Dengan demikian pada saatnya nanti, akan terbentuk kesadaran dalam diri anak, bahwa realitas dan berita itu dua hal yang berbeda. Anak menjadi tak mudah terprovokasi oleh isi media. Mereka akan jadi khalayak yang rasional.

Hanya bapak yang mengangkat. Tolong Pak, saya hanya ingin curhat. Jadi saya ini merasa gagal menjadi seorang ibu. Saya memiliki seorang anak, dan sekarang ia malas belajar. Ia hanya bermain gim di gawai saja. Saya bingung bagaimana menghadapinya, sebab jika saya ambil itu gawai, dia kejer nangis. Saya takut anak saya terpapar hal yang tidak-tidak, pornografi misalnya, berita bohong, dan ikut-ikutan dalam menyebarkan ujaran kebencian. Oh ia, anak saya sekarang berusia 11 tahun, tolong bantu saya, kasih saya masukan Pak

Peran Ibu Sekarang

Memang, dibeberkan Sir Pentoel kepada wanita tersebut, berbagai pakar mengungkapkan bahwa sosok ibu di era sekarang tengah menghadapi tantangan lebih dibandingkan sosok ibu di era sebelumnya. Ketika kecanggihan teknologi dan informasi tumbuh bak jamur disiram air, maka di situlah seorang anak betul-betul membutuhkan sosok ibu sebagai pendamping mereka.

Banyak pendapat mengatakan, selain positif, implikasi era digital dapat menjadi latar belakang peningkatan angka kejahatan. Aksesbilitas internet secara global dengan sangat mudah ditransformasikan ke dalam genggaman tangan seorang anak kecil melalui gawai.

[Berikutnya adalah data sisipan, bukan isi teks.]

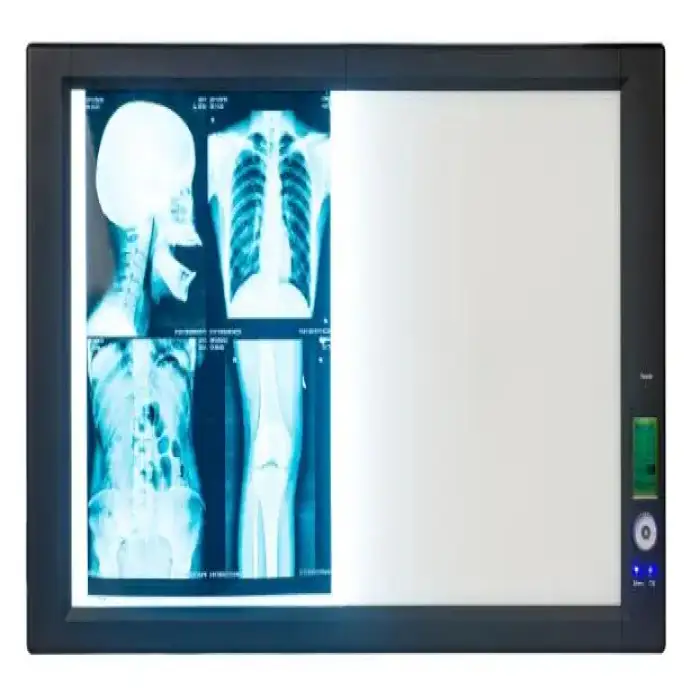 Medical LED x-ray film light box medical led x ray negatoscope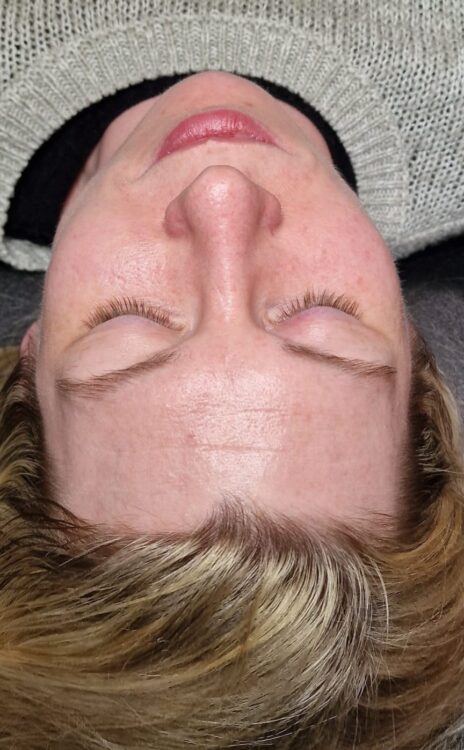 before and after microdermabrasion crystal's beauty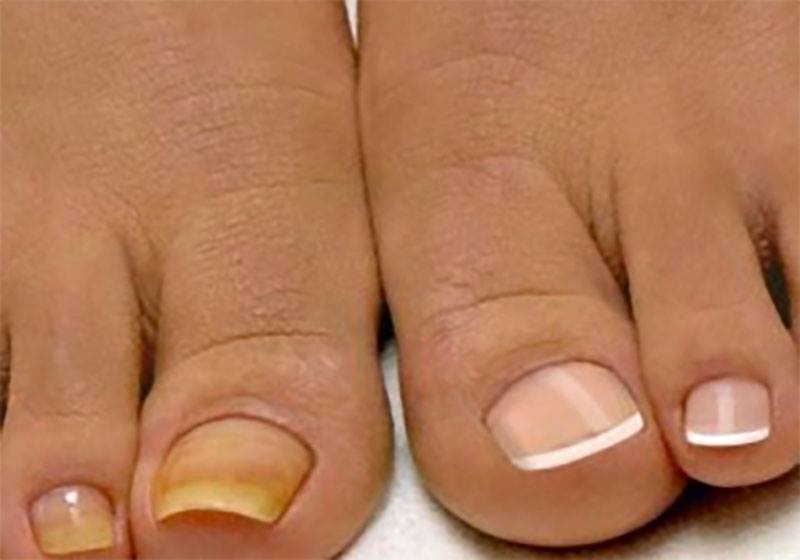 Микоз ногтей: Симптомы, Лечение, Профилактика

Sir menganjurkan agar seorang ibu juga wajib harus melek teknologi informasi supaya tindakan proteksi terhadap anak dapat sedari dini mungkin dilakukan. Jangan salahkan siapa pun jika anak-anak dapat mengakses situs yang tidak cocok dengan umur mereka, hanya karena sosok ibu tidak memahaminya.

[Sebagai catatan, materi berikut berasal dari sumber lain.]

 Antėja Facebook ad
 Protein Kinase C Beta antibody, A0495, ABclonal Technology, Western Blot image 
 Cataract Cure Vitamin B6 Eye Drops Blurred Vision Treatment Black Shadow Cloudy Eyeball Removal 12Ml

Selain membahayakan untuk perkembangan anak, seorang ibu juga hendaknya memperhatikan potensi kejahatan kepada anak mereka di era ini. Pasalnya, Sir melihat sosok ibu, khususnya ibu-ibu era ini dengan bangganya mengunggah anak mereka di media sosial. Padahal hal tersebut juga dapat memancing oknum untuk melakukan kejahatan pada anak-anak mereka sendiri.

Para ibu sekarang harusnya juga jangan terlalu sibuk dengan gawai. Hal tersebut bisa membuat anak mengikuti dan bisa juga menggunting waktu kebersamaan dengan anak mereka. Imbasnya, tidak ada waktu untuk memberikan pendidikan kepada anak karena kegiatan tersebut.

“Pada pagi hari hingga sore mereka sibuk bermain gawai, posting dan komentar tanpa memperhatikan waktu. Imbasnya malam hari mereka kelelahan. Makanya banyak ibu sekarang lebih menyerahkan pendidikan anak-anak mereka kepada pendidikan formal. Tentu hal ini disayangkan karena sosok ibu merupakan sekolah pertama bagi anak,” beber Sir.

Mendengar pemaparan Sir, wanita itu pun menangis. Tanpa pamit, wanita itu pada akhirnya memutuskan panggilannya. Setelah itu, staf Penakota.ID datang membawakan Sir pelantang telingannya.

(Penakota.ID - fdm/glp)

Sosok ibu di era digital seyogianya lebih cermat dalam memperhatikan anak. Hal tersebut agar tidak terpapar pada kondisi negatif yang dapat mempengaruhi tumbuh kembang dan pola pikir anak.